Cleaner, clearer, safer roads for everyone
Data Engineer$90k – $125k • 0.1% – 0.4%
To eliminate congestion, improve traffic flow and give back time to everyone.
Your main mission is to build the data infrastructure that enables us to collect, store and efficiently process traffic and mapping data for every road and every road user in the US. The data which you provide enables our Data Science team to accurately model traffic patterns allowing us to optimize traffic signals. Your work will impact millions of people each day: with better traffic signal timing we will lower travel times by up to 25%, reduce emissions by up to 22% and enable everyone to spend more time on the things that are most important to them and with the people who are most important to them.
You will be responsible for creating the production software to run our data pipelines to feed the data into our Modelling, Simulation and Optimization platform. The pipeline will do aggregations, data cleaning, and transformations and must be self-healing and scalable data pipeline.
You will be managing multiple data types including time series data, spatial data, relational data, and blob store data.
You will create automation tools, as well as create processes for data monitoring and anomaly detection.
You will ensure that the pipeline are testable, reliable and follow good data engineering practices.
The Data Science and Machine Learning teams will be your internal customers.
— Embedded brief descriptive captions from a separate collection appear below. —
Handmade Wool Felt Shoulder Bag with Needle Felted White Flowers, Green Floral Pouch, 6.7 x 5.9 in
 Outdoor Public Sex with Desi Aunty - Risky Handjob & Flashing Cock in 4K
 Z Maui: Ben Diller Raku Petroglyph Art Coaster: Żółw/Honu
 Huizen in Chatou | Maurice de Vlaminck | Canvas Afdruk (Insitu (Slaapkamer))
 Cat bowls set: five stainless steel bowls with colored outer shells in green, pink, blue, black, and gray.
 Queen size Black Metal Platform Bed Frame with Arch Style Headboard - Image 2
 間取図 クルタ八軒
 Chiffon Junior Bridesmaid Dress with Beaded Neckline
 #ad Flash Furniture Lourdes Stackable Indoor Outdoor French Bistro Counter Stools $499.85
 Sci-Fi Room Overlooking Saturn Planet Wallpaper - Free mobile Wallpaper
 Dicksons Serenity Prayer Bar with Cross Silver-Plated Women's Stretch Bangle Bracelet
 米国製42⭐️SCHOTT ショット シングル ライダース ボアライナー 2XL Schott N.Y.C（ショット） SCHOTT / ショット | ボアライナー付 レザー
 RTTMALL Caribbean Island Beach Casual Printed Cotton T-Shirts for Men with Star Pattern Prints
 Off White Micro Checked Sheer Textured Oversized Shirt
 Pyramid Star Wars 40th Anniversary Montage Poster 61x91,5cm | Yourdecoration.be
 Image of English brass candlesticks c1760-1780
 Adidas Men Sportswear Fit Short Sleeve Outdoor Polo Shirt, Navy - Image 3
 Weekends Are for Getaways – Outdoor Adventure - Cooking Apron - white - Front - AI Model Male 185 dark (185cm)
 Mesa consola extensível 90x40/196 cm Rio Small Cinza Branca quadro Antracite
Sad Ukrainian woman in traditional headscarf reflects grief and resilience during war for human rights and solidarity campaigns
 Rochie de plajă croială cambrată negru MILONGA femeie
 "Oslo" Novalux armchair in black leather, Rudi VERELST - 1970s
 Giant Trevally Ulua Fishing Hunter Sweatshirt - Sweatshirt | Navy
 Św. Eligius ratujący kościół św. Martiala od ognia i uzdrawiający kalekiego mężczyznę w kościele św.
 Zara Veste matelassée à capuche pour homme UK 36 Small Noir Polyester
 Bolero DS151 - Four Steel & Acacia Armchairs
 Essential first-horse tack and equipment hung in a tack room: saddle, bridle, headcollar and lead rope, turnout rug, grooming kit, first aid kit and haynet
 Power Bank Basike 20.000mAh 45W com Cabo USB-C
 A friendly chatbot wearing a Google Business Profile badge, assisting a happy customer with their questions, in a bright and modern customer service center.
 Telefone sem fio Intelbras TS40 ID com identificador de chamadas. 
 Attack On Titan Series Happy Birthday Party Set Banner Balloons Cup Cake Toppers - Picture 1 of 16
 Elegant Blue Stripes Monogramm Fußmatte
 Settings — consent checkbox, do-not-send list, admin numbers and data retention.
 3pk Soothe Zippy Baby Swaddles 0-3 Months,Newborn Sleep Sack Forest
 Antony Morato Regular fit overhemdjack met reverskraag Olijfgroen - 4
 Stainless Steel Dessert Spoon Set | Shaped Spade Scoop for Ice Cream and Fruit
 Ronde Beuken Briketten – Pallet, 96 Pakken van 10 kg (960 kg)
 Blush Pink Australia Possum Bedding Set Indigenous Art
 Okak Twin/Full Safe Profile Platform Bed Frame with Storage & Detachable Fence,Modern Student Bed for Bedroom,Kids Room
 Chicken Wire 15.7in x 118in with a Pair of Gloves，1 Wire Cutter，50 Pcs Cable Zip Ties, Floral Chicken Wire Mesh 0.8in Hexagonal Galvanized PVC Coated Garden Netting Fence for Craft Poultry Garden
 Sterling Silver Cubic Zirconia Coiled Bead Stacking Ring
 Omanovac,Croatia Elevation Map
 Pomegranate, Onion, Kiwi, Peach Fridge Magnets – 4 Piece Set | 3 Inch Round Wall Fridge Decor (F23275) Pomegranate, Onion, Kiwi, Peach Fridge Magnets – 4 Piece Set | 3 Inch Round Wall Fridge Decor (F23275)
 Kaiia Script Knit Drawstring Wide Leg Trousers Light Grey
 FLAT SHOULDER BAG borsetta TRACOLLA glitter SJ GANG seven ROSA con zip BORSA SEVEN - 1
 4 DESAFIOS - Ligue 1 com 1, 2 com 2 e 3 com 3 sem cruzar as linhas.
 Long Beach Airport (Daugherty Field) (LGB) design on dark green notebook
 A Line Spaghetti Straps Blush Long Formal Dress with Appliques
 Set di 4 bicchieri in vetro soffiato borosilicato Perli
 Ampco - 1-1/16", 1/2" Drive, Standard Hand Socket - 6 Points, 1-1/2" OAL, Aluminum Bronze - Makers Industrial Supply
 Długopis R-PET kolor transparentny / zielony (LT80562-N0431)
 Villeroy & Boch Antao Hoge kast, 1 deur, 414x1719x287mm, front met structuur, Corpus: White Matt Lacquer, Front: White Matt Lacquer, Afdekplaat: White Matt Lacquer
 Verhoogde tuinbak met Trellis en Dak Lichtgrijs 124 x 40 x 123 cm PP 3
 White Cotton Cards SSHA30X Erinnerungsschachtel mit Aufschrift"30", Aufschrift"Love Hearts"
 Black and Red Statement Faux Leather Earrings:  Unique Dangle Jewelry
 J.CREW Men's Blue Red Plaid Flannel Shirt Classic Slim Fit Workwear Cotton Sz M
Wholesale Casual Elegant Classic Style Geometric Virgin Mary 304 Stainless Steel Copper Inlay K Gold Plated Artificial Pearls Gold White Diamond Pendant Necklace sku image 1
You will work closely with them to understand their expectations and meet or exceed them.
You will evaluate data providers and partners to help our team select the best data sources for the needs of the team.
BS / MS in Mathematics, Computer Science or an Engineering discipline from a top university.
3+ years of experience in production software engineering using languages such as Python, Java, C++, etc
3+ years of experience in SQL/relational databases and 1+ year with wide column store (eg DynamoDB, PostgreSQL)
Solid understanding of relational concepts and pros and cons of using each type of data store
Experience building high-performance batch and real-time data processing pipelines (MapReduce, Hadoop, HBase/Cassandra, Spark, Samza etc)
Experience with AWS
Experience building and managing large-scale geospatial data systems (mapping, navigation, GIS, routing, fleet management).